It is late and the softness of the night has stolen in. Few sounds tonight other than the cool breath of early spring stirring the air lightly. It is the time of day I like best. The quiet before I go to sleep. Everything slows down. Duties, errands, work and worries are put away for another night.
It’s the time I allow my fanciful thoughts to roam and dream of “what if’s” and “maybe’s.” Reflection and yes, sometimes a little melancholy seep into these gentle hours. I stand at my window overlooking the bright lights of distant London and the warm, dimly lit windows of nearby homes.
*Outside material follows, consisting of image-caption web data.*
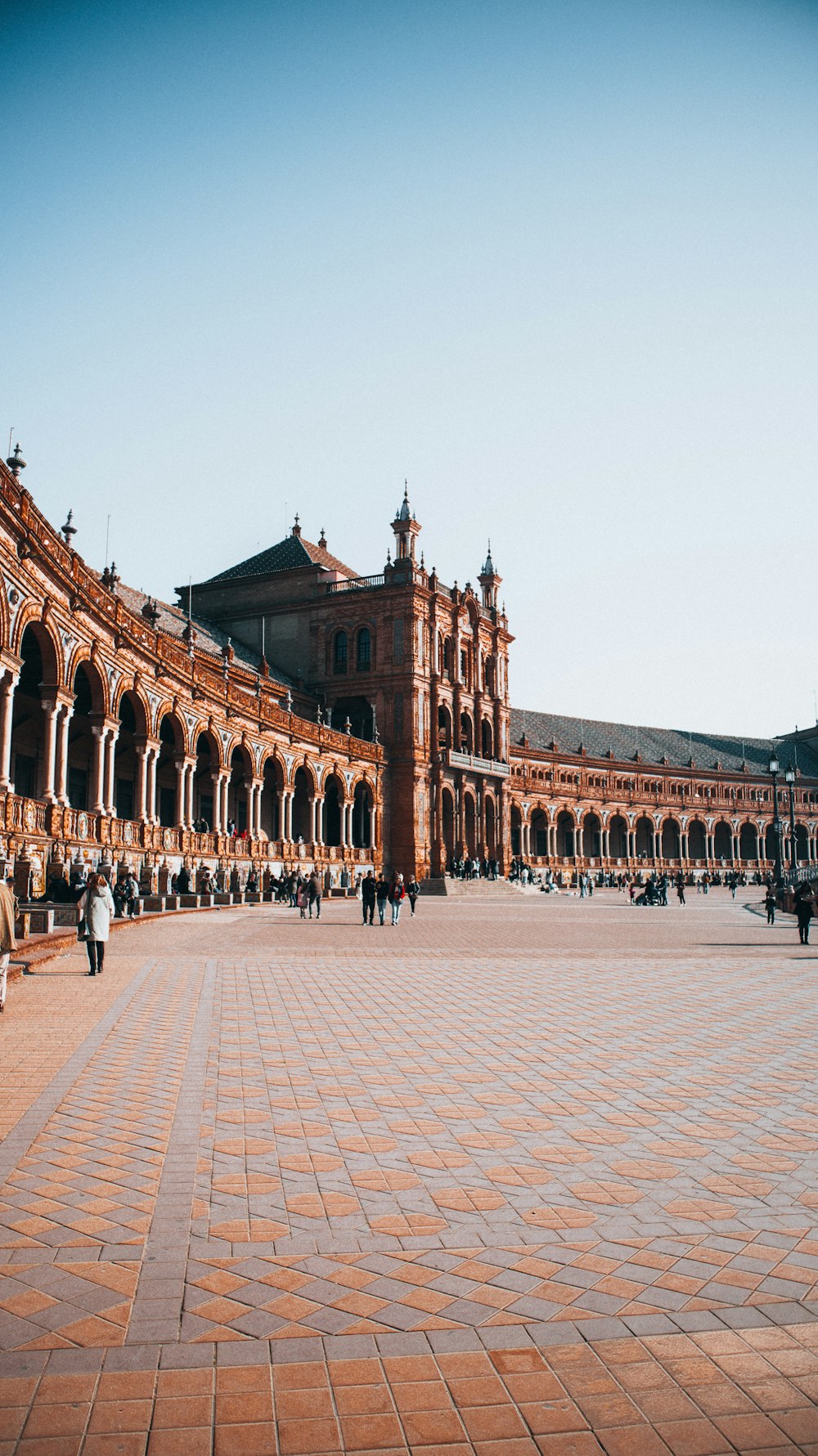 a large building with a clock tower in the middle of it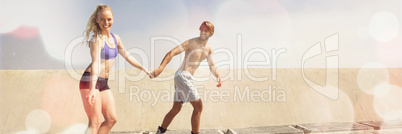 Fit couple rollerblading together on the promenade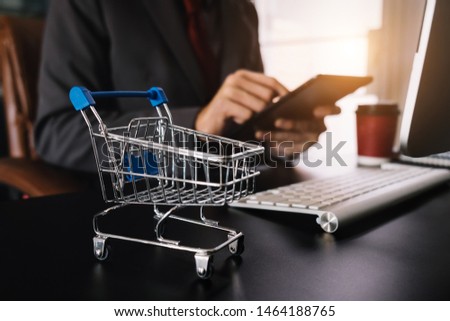 Cart Online Shopping concept. businessman hand using smart phone, tablet payments and holding credit card online shopping, omni channel, computer virtual icons 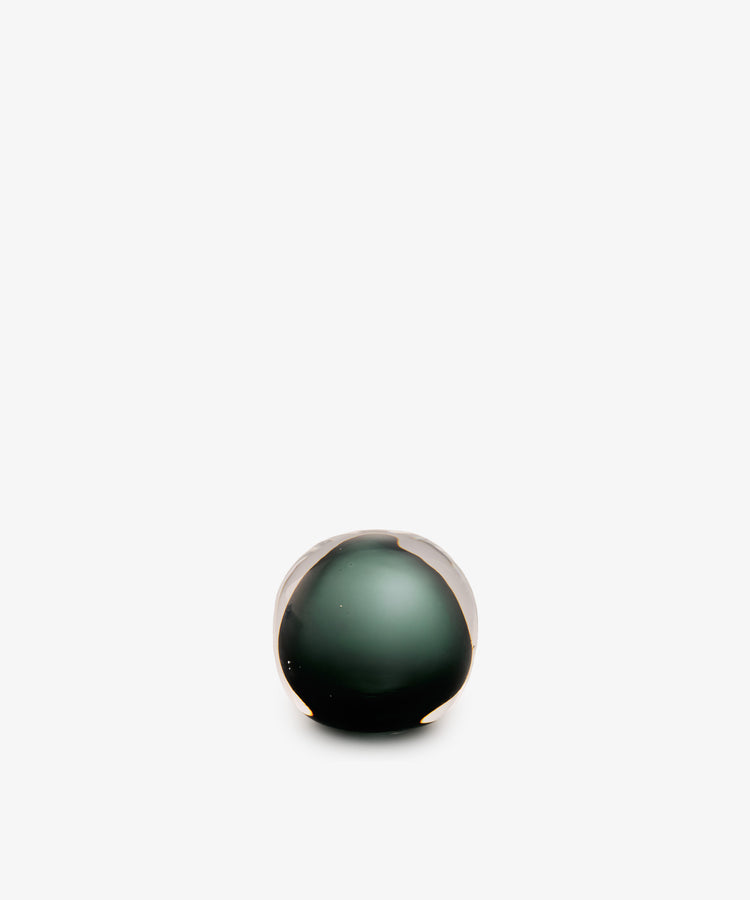 A Pallino Paperweight, hand-blown from glass in a spherical shape with a dark green core.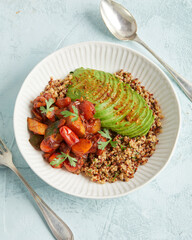 Quinoa bowl with avocado, nuts and tomatoes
Each light holds a story…a story of laughter, disappointments, tears, joy and love.
I think about what happens when those lights go on and for a moment, the person is alone and lets all the pretenses of the day slide away. What do they think about? What do they wish for? What do they yearn for?
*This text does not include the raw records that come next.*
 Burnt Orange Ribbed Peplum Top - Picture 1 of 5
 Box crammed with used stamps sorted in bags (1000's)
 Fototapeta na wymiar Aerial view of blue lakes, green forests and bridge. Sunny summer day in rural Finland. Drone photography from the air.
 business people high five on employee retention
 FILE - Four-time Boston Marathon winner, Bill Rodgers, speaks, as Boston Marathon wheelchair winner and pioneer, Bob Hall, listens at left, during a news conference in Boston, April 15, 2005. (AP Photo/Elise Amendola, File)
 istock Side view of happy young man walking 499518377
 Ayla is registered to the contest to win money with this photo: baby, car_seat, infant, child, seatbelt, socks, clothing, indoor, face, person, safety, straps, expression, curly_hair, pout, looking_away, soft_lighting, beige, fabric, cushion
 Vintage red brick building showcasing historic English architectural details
Then my thoughts turn inward and I quietly sort out my own yearnings. There is wisdom in the darkness and in the silence. It’s there, in the remotest corners of our hearts, that quiet whisper that sets us our true path. And what it tells each of us is different.
My own desires are complex and there are no easy answers, but this time of day is not for harsh realities, it is for gentle daydreaming. And so I dream, pressing my hand lightly against the glass…wishing and waiting for the hand that will press back.